I think it’s a terrific idea, but Sometimes the word did, but meant something different. “Blink” for instance…, how does the JA-spellchecker flag words like that?
It can be distracting when they get it wrong; e.g. Neal Stephenson put ‘bloke’ into the mouth of an seventeenth-century Englishman in one of his Baroque Cycle novels, which felt anachronistic to me, which prompted me to look it up, and indeed the OED’s first citation is from 1851. Though I certainly wouldn’t have noticed a lot of the examples she cites.
Leonardo: an-anachronic (why can’t I say “chronic”?)
Non-anachronistic, anachronistic, anachronic, diachronic, synchronic, symphonic.
“Anachronistic” is much more frequently used than “anachronic”, although they should mean the same. Someone who writes “anachronic” is flexing his voc abs.
It would be awesome to try to write about the fourteenth century in Middle English FTFY
Thanks Grumbly. My “anachronic” was a mistranslation from Pt. “anacrônico”, which is more common than “anacronístico” (237000 vs. 1500 on google at the moment). Traps.
It would be ludicrous to try to write about the fourteenth century in Middle English.
What about those passages of ENHG in Mann’s Faustus?
Inkwell? Inkpot? What about the Inkhorn Controversy?
In Daisy Miller Daisy says of her disreputable Italian boyfriend:
But there’s Giovanelli, leaning against that tree. He’s staring at the women in the carriages: did you ever see anything so cool?

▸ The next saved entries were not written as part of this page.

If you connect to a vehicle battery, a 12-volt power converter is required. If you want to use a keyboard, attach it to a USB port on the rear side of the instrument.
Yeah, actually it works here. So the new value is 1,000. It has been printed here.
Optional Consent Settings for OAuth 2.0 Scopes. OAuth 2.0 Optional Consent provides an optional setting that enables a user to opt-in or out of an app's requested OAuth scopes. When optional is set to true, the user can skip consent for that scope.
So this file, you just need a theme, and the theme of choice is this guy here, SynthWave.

Judging by the other appearance in the book, “cool” meant “bold” and sometimes “harsh”.
Daisy Miller.
Ruth Beebe Hill translated the manuscript of Hanta Yo from modern English into an archaic Lakotah dialect. When translating back into English, she used 1806 Webster’s Dictionary as a cross check.

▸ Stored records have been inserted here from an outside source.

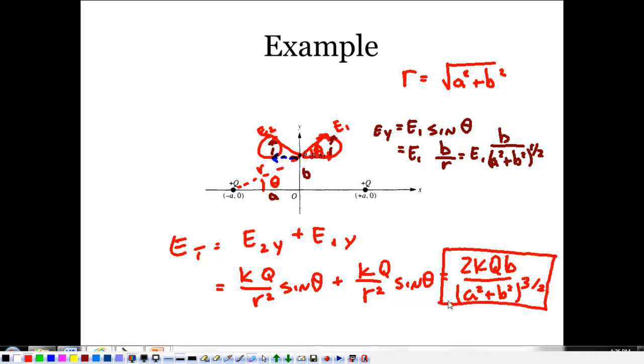This has been a quick look at the electric field — we're going to spend tomorrow taking more time with it.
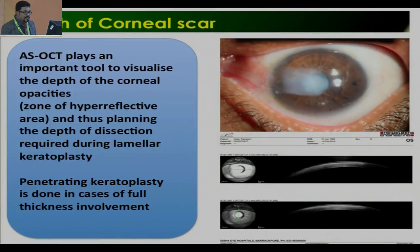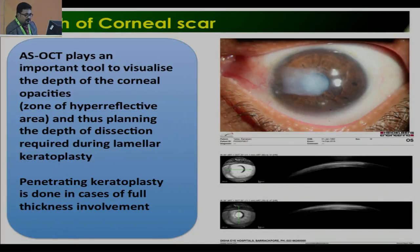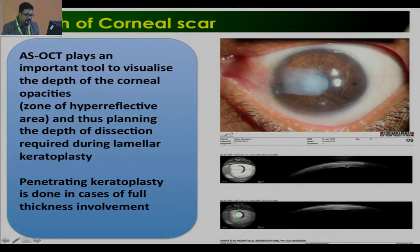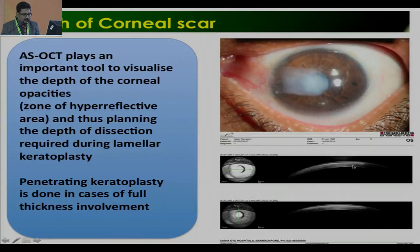What appears to be a very superficial scar — ASOCT plays an important role to visualize the depth of corneal opacities, shown as a zone of hyperreflective area. This tells us whether we need to go for lamellar or full thickness keratoplasty. In this case, even though it looked like a very superficial scar, it was involving the whole thickness of the corneal stroma, so the patient needed full thickness keratoplasty.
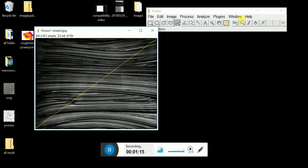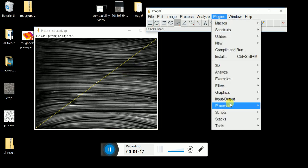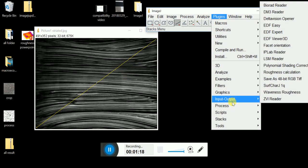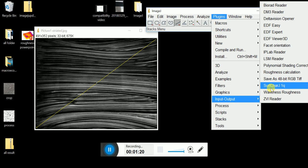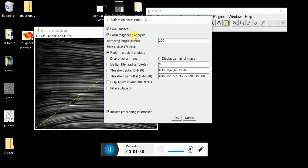After that, go to Plugins, Input Output, go to SURFCAJ1Q. From here you can see the parameters. Click Level Surface, Local Roughness Analysis.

Since Mr. Cowan dropped by my website to offer the same comment, and since I think the conversation is interesting, I thought I’d share my reply here as well.
You wouldn’t write a novel set in Russia in Russian (if writing for an English market), because that would make it impossible for an English-speaking reader to comprehend. You would, however, make it as Russian in flavour as possible with idioms and sentence rhythm in order to capture the feel of the place.
The same is true with writing something set in 1815 but one has much more leeway in how “authentic” one can get before it becomes incomprehensible. For instance, I wouldn’t write, “She staid back,” even though that is more period accurate than “She stayed back” because the word “staid” has taken on new meaning in modern English. It would confuse the readers.
The challenge is to find the balance between comprehensibility and anachronism. If readers are thinking, “My! That’s an authentic word” it will take them out of the story every bit as much as an obviously modern word would.
The Regency and the Napoleonic era in general have very staunch fans who know the language. Now I do think that one can be much more relaxed in the narrative than in dialogue, but even so– why not take the trouble? As long as I don’t make reading it harder, it seems to me that an attention to detail can serve the story. How? By making me think about the period more attentively. Language shapes the way one thinks. By geeking out about the language I can reflect that period, and so long as I remember that I am writing for modern readers, I can do so without sacrificing readability.
Mostly though, I did this because I’m a giant geek and love language.
AJP Crown: “Sometimes the word did, but meant something different. ‘Blink’ for instance…,” how does the JA-spellchecker flag words like that?
It doesn’t, sadly. This is just something that I catch when I’m looking up the word because Miss Austen didn’t use it. For words like check, figure, staid, and prospect, I just have to have read a lot in the period and hope that I picked the shift up. There will still be errors though. Always.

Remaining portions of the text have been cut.